**Problem description**:
Return the data below exactly, please, but drop the pictures.

**Raw data**:
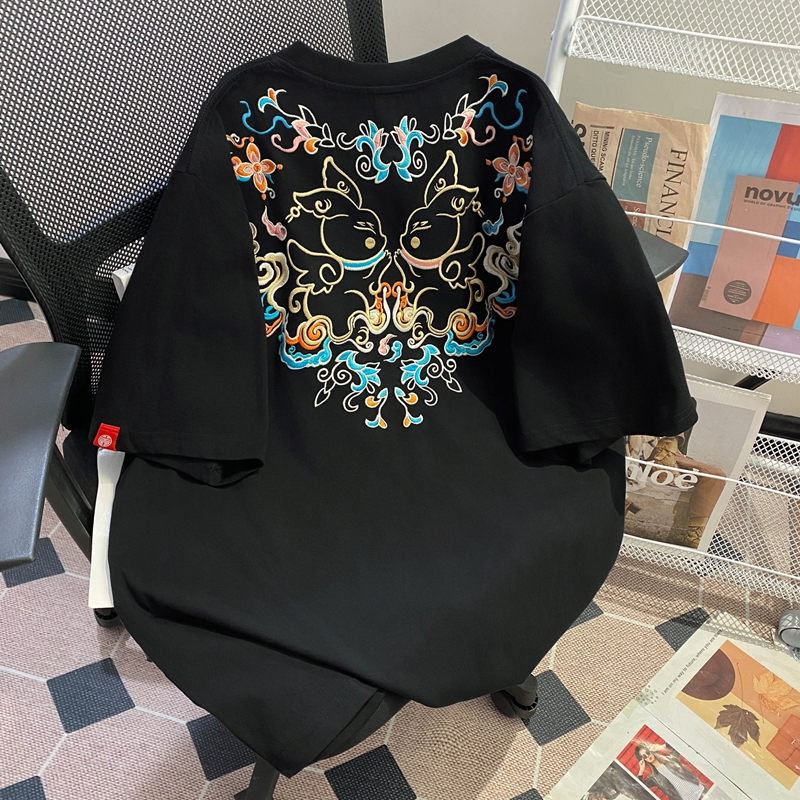 特大码300斤中国风重工刺绣贴布短袖t恤女夏季小众设计感国潮上衣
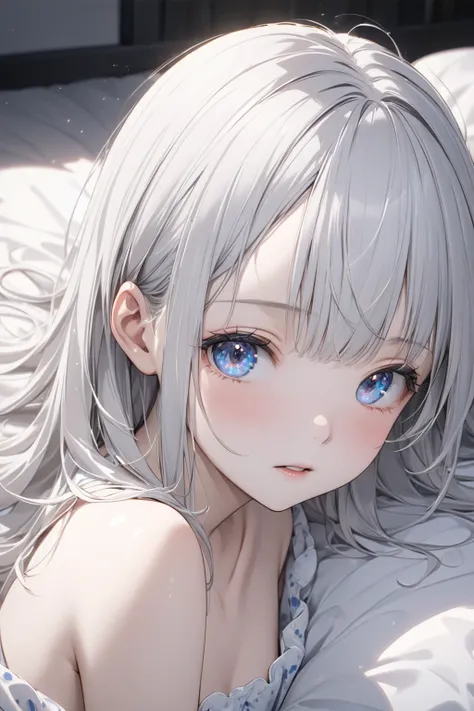    solo focus、  semi-realistic  、  Masterpiece  、perfection, 4K,  1 Woman 、  immature body,      Sparkling Eyes、 snow-white skin 、  small boobs ,  flat chested、  Sleepy appearance when you wake up    ,     Straight hair style  ,   long silver hair  ,  bang...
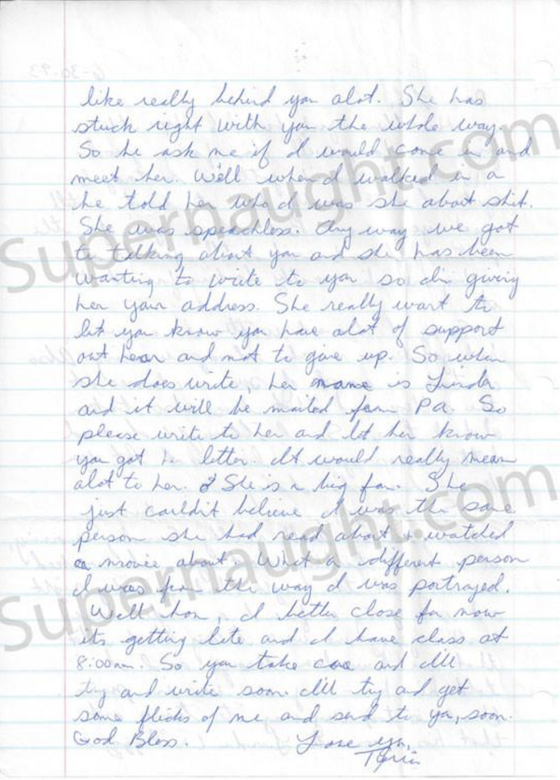 Tyria Moore Letter Envelope Set to Wuornos Both Signed image 2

**Written reply**:
 特大码300斤中国风重工刺绣贴布短袖t恤女夏季小众设计感国潮上衣
    solo focus、  semi-realistic  、  Masterpiece  、perfection, 4K,  1 Woman 、  immature body,      Sparkling Eyes、 snow-white skin 、  small boobs ,  flat chested、  Sleepy appearance when you wake up    ,     Straight hair style  ,   long silver hair  ,  bang...
 Tyria Moore Letter Envelope Set to Wuornos Both Signed image 2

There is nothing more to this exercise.